Many Cuban towns have them. A peek inside a cigar factory reveals a sweatshop where workers are required to roll a minimum number of cigars each day to keep their job; they get bonuses for extra production. The workers’ pay is set by the Cuban government, which owns all cigar factories, at around $20 per month.
To keep workers happy, each month they may take home a box of cigars; and workers also appropriate a few loose cigars along the way.
Cigars are usually sold in state stores along with rum, at state-run grocers, and at bars (also state-run).
Most Cuban cigar workers supplement their state incomes surreptitiously selling the “free” cigars they receive. Some set up what appear to be lemonade stands in front of their homes to sell cigars.
Others, especially around the cigar factories, see tourists passing by and ask if they want cigars, as if they were selling illegal drugs. It’s very hush-hush. If you indicate a desire to buy, you are led to a home, brought into an interior room, and engaged in conversation. You know this activity is frowned upon because the front door is locked behind you or, if they can’t afford a lock, someone sits by the closed door. Shortly someone emerges with a satchel of cigars, both in boxes and loose, appropriately labeled where applicable and accompanied by the certificate of authenticity, similar to what you used to find on software products. Prices are still quite high, about 75% of what you would pay in the state store.
If you don’t buy, they thank you and show you out. If you do, you leave with cigars.
Even under the watchful eyes of a state-authorized tour guide, I experienced this several times, and I am probably not alone. In Cuba, the rules are understood: people need to do what is necessary to make ends meet.

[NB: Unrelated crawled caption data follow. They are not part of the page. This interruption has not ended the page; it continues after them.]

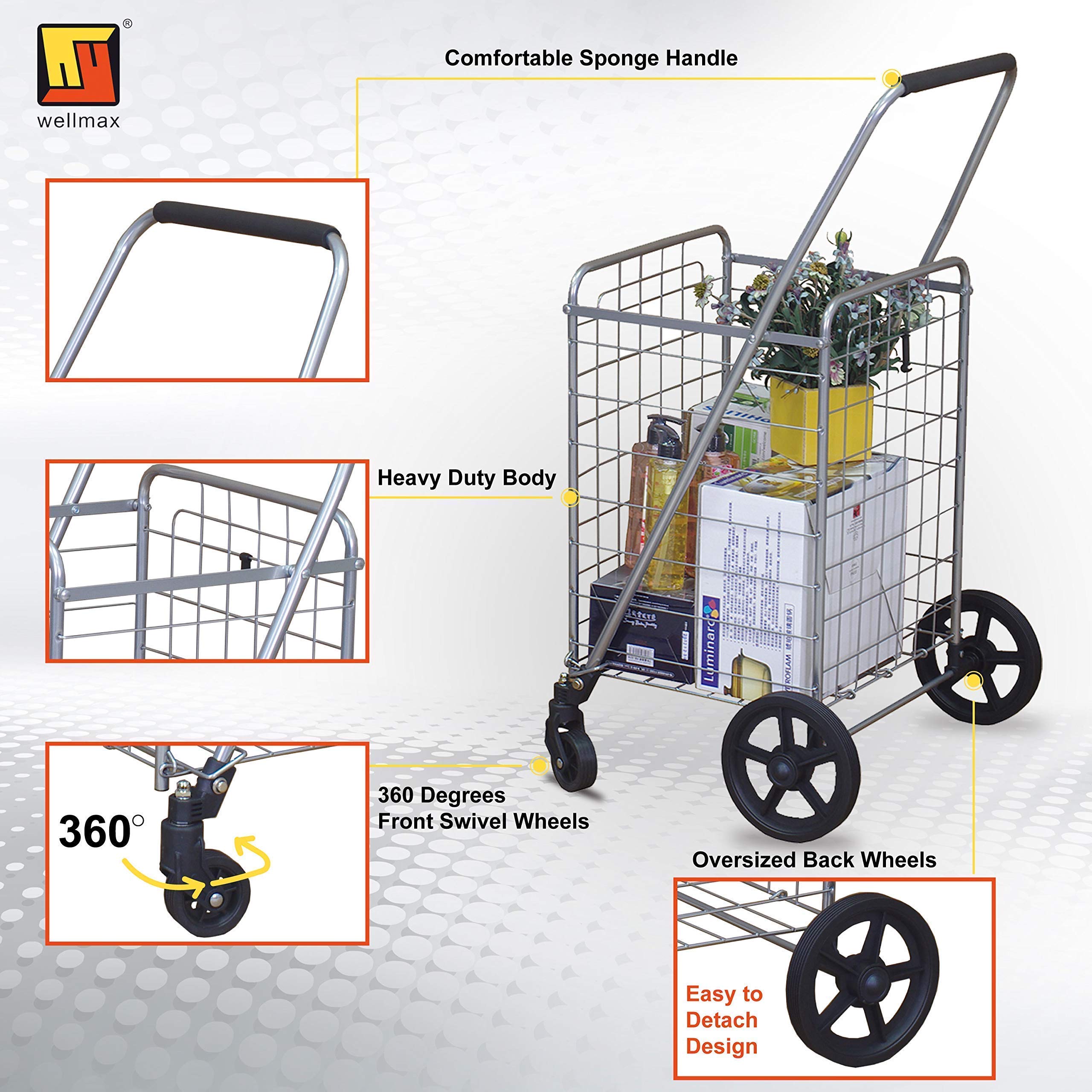 Wellmax WM99024S Heavy Duty Shopping Cart with 360° Swivel Wheels & WM99025S Double Basket Grocery Cart - Perfect for Supermarkets, Warehouse Stores & Home Use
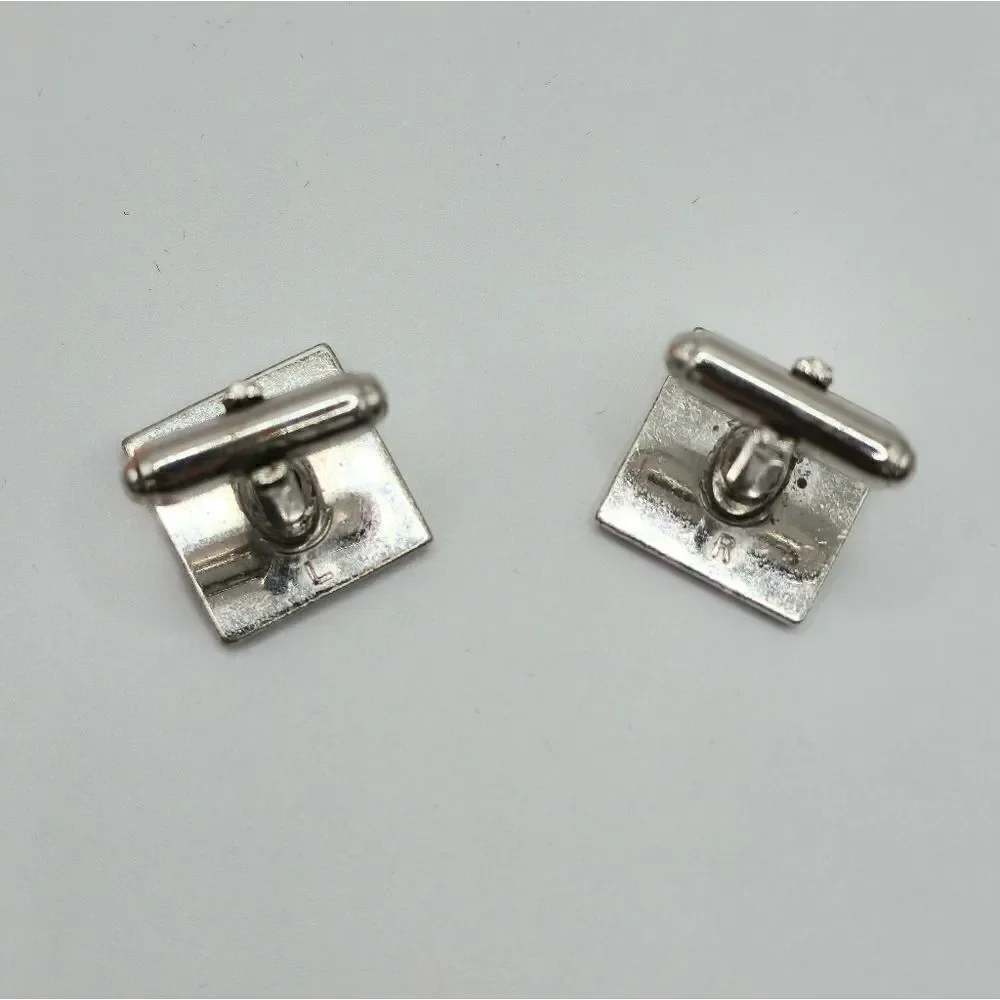 Mens Vintage Silver etched square cufflinks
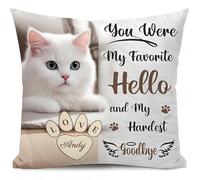 Umitive Custom Memorial Pet Pillow - Personalized Photo & Name for Cats- Comfort Keepsake for Loss of Beloved Pet - Remembrance Cushion Soft Hugging Memorial Gift (Style C)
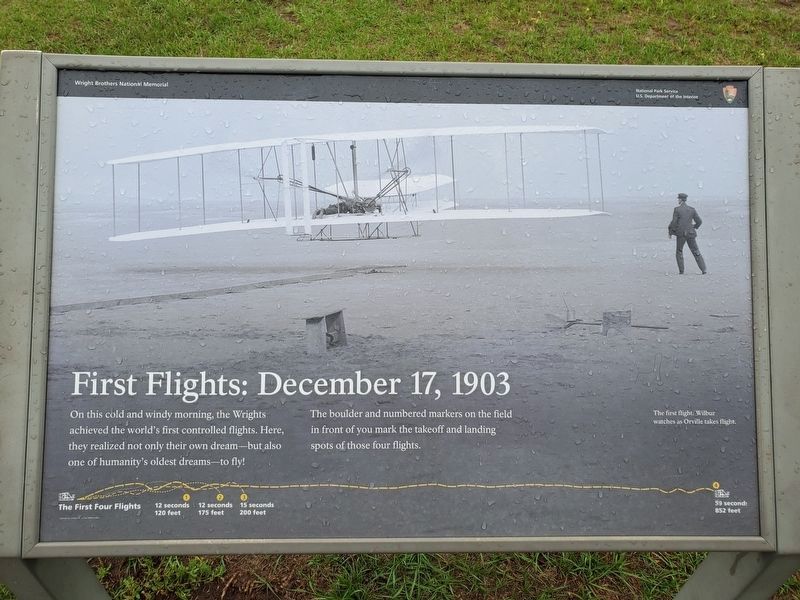 Overhead view First Flights: December 17th, 1903 Marker image. Click for full size.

Cubans believe things will get better; and they do, but at a snail’s pace. In the meanwhile, many Cubans must work two or three jobs to feed their families. Tourism is one source of extra cash, whether by running a restaurant from your house or selling cigars.

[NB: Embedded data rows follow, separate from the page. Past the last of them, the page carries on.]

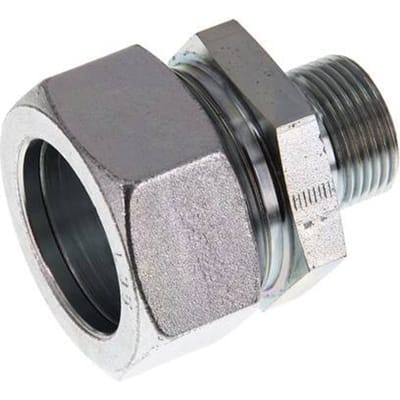 G 3/4'' Buitendraad x 35L Verzinkt Stalen Rechte Snijring Koppeling 160 Bar DIN 2353 - FL2S-MC-EZ-034G-35-L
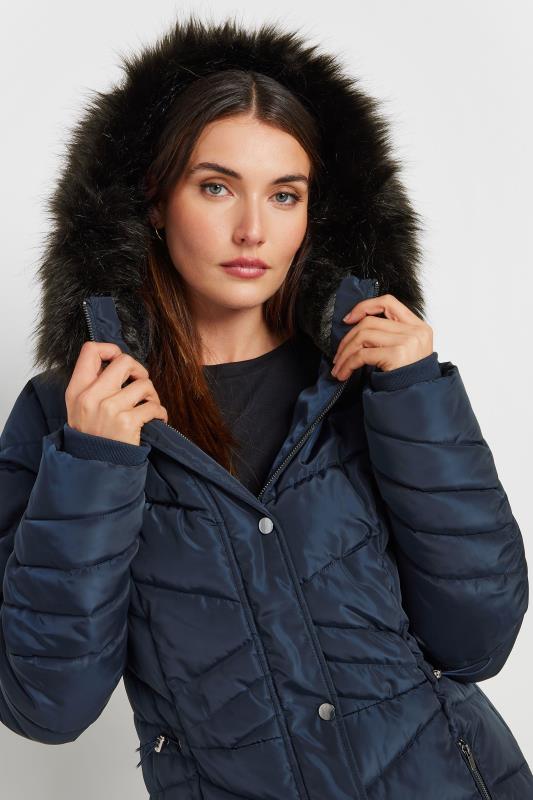 Evans LTS Tall Navy Blue Faux Fur Trim Padded Longline Coat
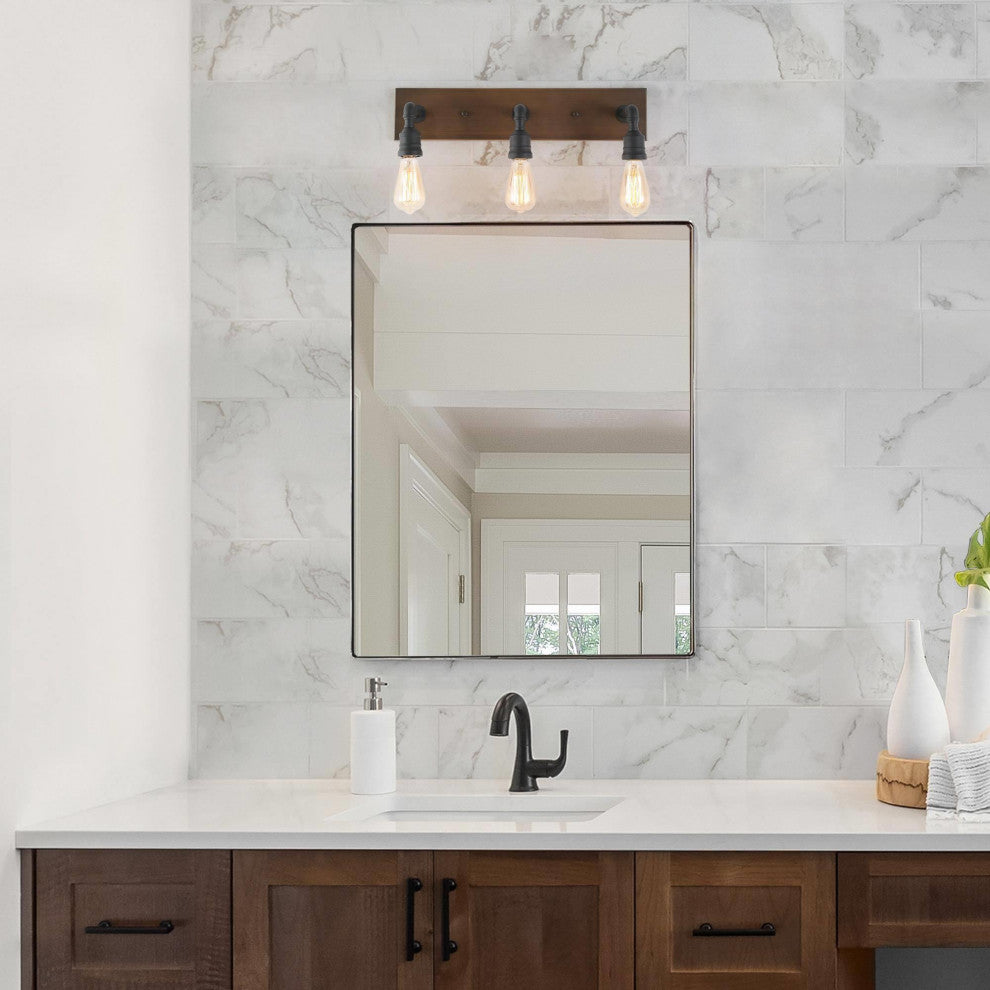 LALUZ 3-Light Black and Brown Water Pipe Farmhouse Bathroom Vanity Lights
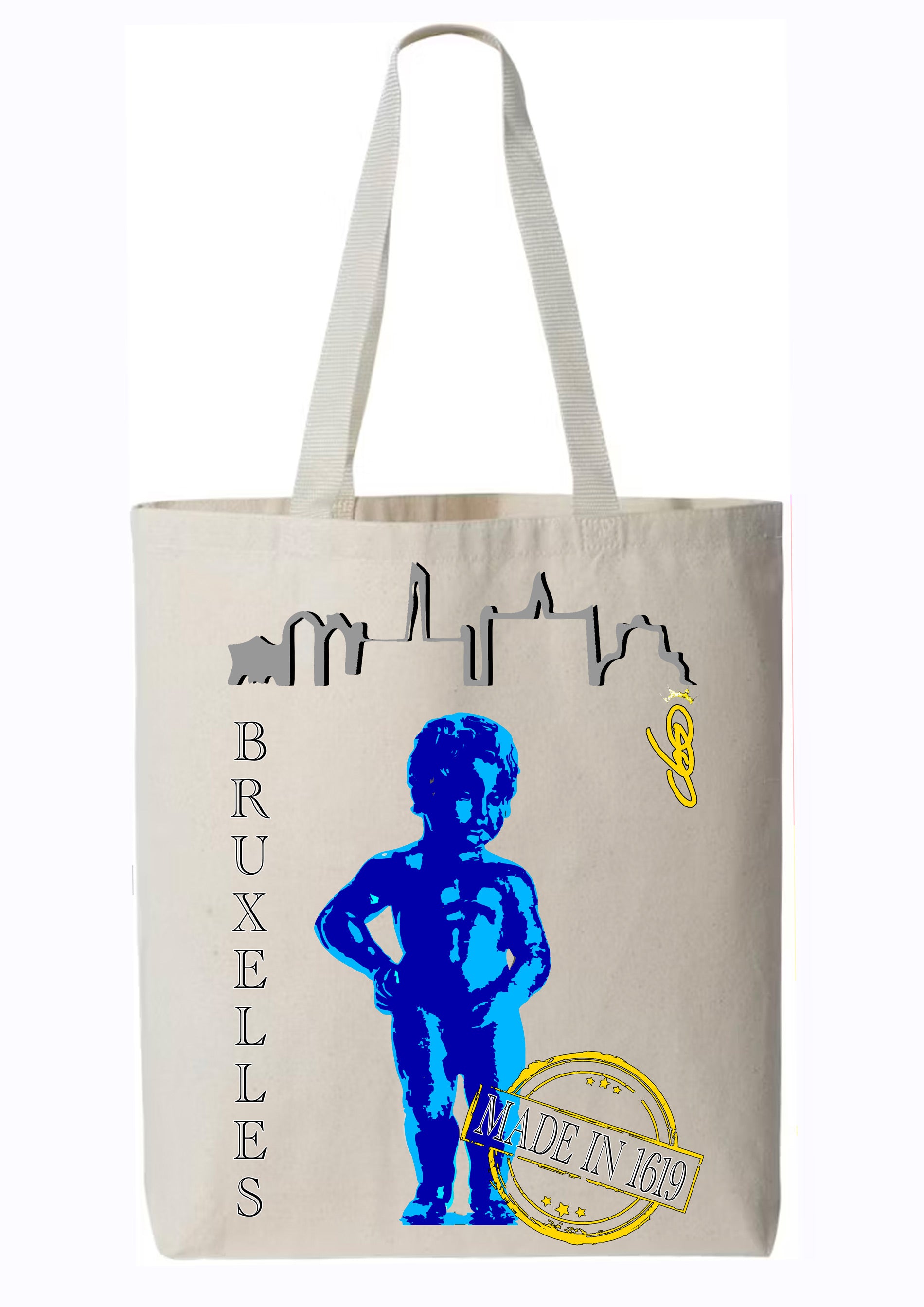 Tote bag Manneken Pis Bruxelles - Créateur français - Cadeau Belgique original - O.D.S collection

Ingenious and creative in how they supplement their meager wages, Cubans are also a docile and friendly people. So engaging with a surreptitious cigar seller may seem dangerous and adventuresome, but it’s probably not. I would not suggest it if you don’t speak some Spanish. If you engage, you will get to see the inside of a Cuban home and may come away with some fine cigars…or not. Most of the time you get the same quality that you might buy in the state store. In any event, my friends who actually like cigars report that even loose Cuban cigars bought on the street offer a very good smoke.